La rivendicazione di un governo nato su «una solida vocazione europeista». È partito da qui Giuseppe Conte alle 12 e 13, quando ha cominciato nell'aula della Camera il discorso, durato 55 minuti e interrotto da una dozzina di applausi (uno dei più forti quando ha ricordato il prossimo avvio dell'assegno unico per i figli) che ha avviato i due giorni più affannosi del suo secondo governo e che lo condurranno alla resa dei conti attesa domani in Senato, dove i numeri sono più traballanti.

QUI IL TESTO DELL'INTERVENTO

Conte ha detto di potere «parlare a testa alta» e «non per arroganza di chi ritiene di non aver commesso errori», ma «per la consapevolezza di chi ha operato con tutte le energie fisiche e psichiche per la comunità nazionale». Il premier ha sottolineato l’importanza che ha avuto la maggioranza in questi mesi difficili, «anche nei passaggi critici». Ha poi rivendicato di avere improntato tutta l’azione dell’esecutivo all’esigenza di affrontare l’emergenza sanitaria e di avere, con «una scelta politica», stanziato più di 100 miliardi di euro per dare assistenza ai cittadini e alle categorie professionali. Quanto ai provvedimenti restrittivi, ha sottolineato, è «solo tutelando la salute dei cittadini è possibile preservare il tessuto produttivo».

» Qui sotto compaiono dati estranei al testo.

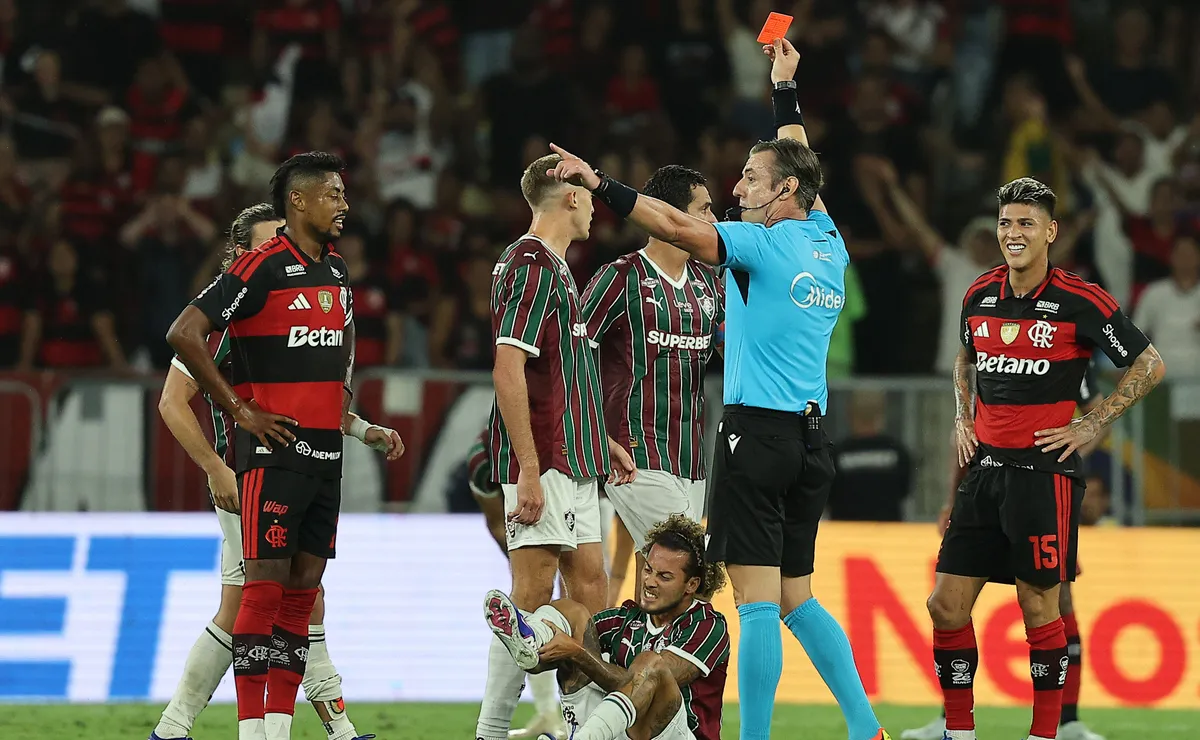 Flamengo eleva quantidade de expulsões em 50% e gera preocupação para sequência da temporada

Dopo questa premessa, tuttavia, Conte non ha eluso i nodi politici. E, smentendo le previsioni della vigilia, ha riservato toni duri per il processo avviato da Italia Viva di Matteo Renzi. Ha affermato che questa crisi di governo «avviene in una fase cruciale del Paese. Confesso di avvertire un certo disagio - ha proseguito -, sono qui oggi non per annunciare nuovi aiuti, ma per provare a spiegare una crisi di cui immagino i cittadini - ma, debbo confessare, io stesso - non ravvisano alcun plausibile fondamento. Le nostre energie dovrebbero essere sempre tutte concentrate sulle risposte alla crisi, mentre così appaiono dissipate in contrappunti polemici, spesso sterili. Rischiamo così tutti di perdere contatto con la realtà. C'era davvero bisogno di aprire una crisi politica in questa fase? No».

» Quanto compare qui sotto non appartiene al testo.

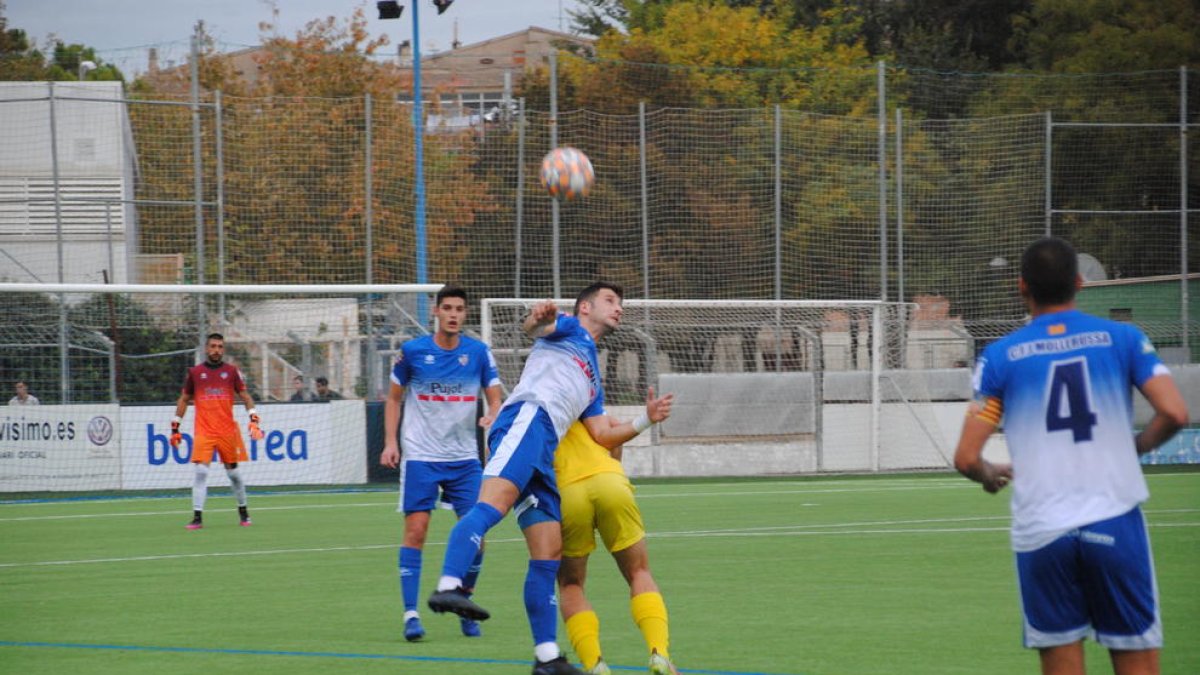 Una acción del partido del domingo Mollerussa-El Catllar.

Il presidente del Consiglio ha quindi aggiunto che nelle ultime settimane «abbiamo compiuto ogni sforzo per evitare che questa crisi, ormai latente, potesse esplodere». Ma non è stato possibile per i «continui rilanci concentrati sui temi più divisivi tra le forze di maggioranza». Si tratta di una situazione che crea «profondo sgomento nel Paese e rischia di provocare danni notevoli, non solo perché ha fatto salire lo spread, ma per gli effetti sulle cancellerie europee. Non si può cancellare quel che è accaduto», ha proseguito ancora, ma «non si può pensare di recuperare il clima di fiducia per poter lavorare tutti insieme. Adesso si volta pagina».

L'unica apertura il premier l'ha fatta sulla delega ai servizi segreti, punto fortemente contestato da Iv (e anche dal Pd), annunciando la sua rinuncia assieme a quella (scontata) al ministero delle Politiche agricole di cui ha preso l'interim e la scelta di nominare un delegato all'intelligence, «persona di mia fiducia». Conte ha poi rilanciato le riforme istituzionali, altro tema attualmente fermo, promettendo «una riforma elettorale di impianto proporzionale». E ha fatto un appello ai "responsabili", da lui ribattezzati «volenterosi»: «Chiedo un sostegno trasparente alle forze parlamentari volenterose, che si collocano nel solco delle tradizione europeista: liberale, popolare, socialista». Un appello ripreso nelle parole finali: «Aiutateci a ripartire con la massima celerita', aiutateci a rimarginare al più presto la ferita che la crisi in atto ha prodotto nel patto di fiducia instaurato con i cittadini», rimediando a un atto «di grave irresponsabilità».